Scogli neri di pietra lavica che si tuffano a picco nei fondali blu, paesaggi di roccia, tramonti che tolgono il respiro, odore del vento misto al profumo di vegetazione: questo e altro ancora è Pantelleria. Una perla nera immersa come un giardino nel Mediterraneo.
Una terra capace di sorprenderci per i suoi forti contrasti acque blu cobalto, pianure lunari e sinuosi tetti bianchi. Tutto è unico anche i sapori: quello del profumatissimo cappero e il gusto inconfondibile del suo vino: lo zibibbo.
Un vino apprezzato anche dagli dei se un’antica leggenda narra che la dea punica Tanit, su consiglio di Venere, si finse coppiera dell’Olimpo e sostituì all’ambrosia degli dei il mosto delle dolci uve di Pantelleria per conquistare Apollo.
Con la parola zibibbo, dall’arabo “zabib” ovvero “uva passa”, si identifica sia il vitigno sia il vino che si ottiene con le sue dolci uve.
Il vitigno ha una storia molto antica: originario dell’Egitto, fu diffuso nell’area del Mediterraneo dai romani, i fenici, esperti navigatori ed abili mercanti, lo impiantarono a Pantelleria e successivamente gli arabi introdussero il sistema di coltivazione sui terrazzamenti; da allora lo zibibbo si è imposto, in questo lembo di terra, come protagonista della coltura vinicola. Possiamo dire che Zibibbo è per antonomasia Pantelleria!

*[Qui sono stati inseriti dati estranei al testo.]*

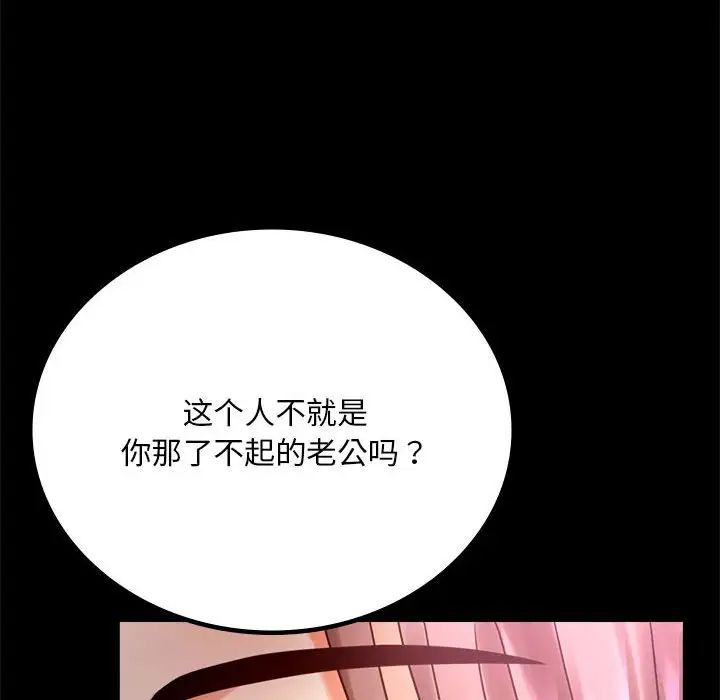 背叛的开始第29話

Il 24 novembre del 2014, la pratica agricola della vite di Zibibbo ad alberello è stata considerata bene immateriale e culturale ed inserita dall’Unesco nella prestigiosa Lista dei beni Patrimonio dell’umanità. Un riconoscimento prestigioso per Pantelleria e per l’Italia.
Per la prima volta una consuetudine colturale, per le sue caratteristiche, è stata riconosciuta come modello di coltivazione da salvaguardare e da promuovere per il suo valore storico, culturale e identitario.
Lo zibibbo si produce anche in altri paesi con la tecnica più moderna del “cordone speronato. Il contadino pantesco invece, secondo una tradizione che si tramanda da padre in figlio, continua a rispettare i saperi e i segreti racchiusi nell’antico uso della vite “ad alberello.
Una pratica, unica nel suo genere, faticosa ma tanto creativa da far vivere in straordinaria simbiosi agricoltura e paesaggio.
L’isola è la parte alta di un antico vulcano con un ambiente rurale difficile e persino ostile che il contadino, da sempre, ha saputo addomesticare con saggezza. Una terra abituata ad una agricoltura eroica che non ha mai considerato un ostacolo una natura troppo selvaggia e dirompente.
L’uomo ha saputo strappare alla roccia la fertile terra. Ha costruito terrazzamenti su terreni impervi, eretto ripari con i muretti a secco per difendere le piante dalla costante ventosità, ha allevato lo zibibbo mettendolo al riparo, in piccole conche, nel terreno, ottenendo un ’uva dagli acini succosi e dorati in grado di offrire vini unici e preziosi come il Passito e il Moscato, dai sapori e aromi intensi.
Il lavoro del contadino pantesco, interamente manuale e creativo, ha permesso di modellare e rendere unico il paesaggio dell’isola, ha costruito e rinforzato l’identità culturale di questa comunità e ha realizzato un sistema produttivo in perfetto equilibrio tra uomo e natura.
Adesso, dopo il prestigioso riconoscimento dell’Unesco, occorre promuovere e valorizzare adeguatamente i “tesori” panteschi, consapevoli che, con il loro deterioramento, sparirebbe – sia nella percezione sia nell’immagine consolidata.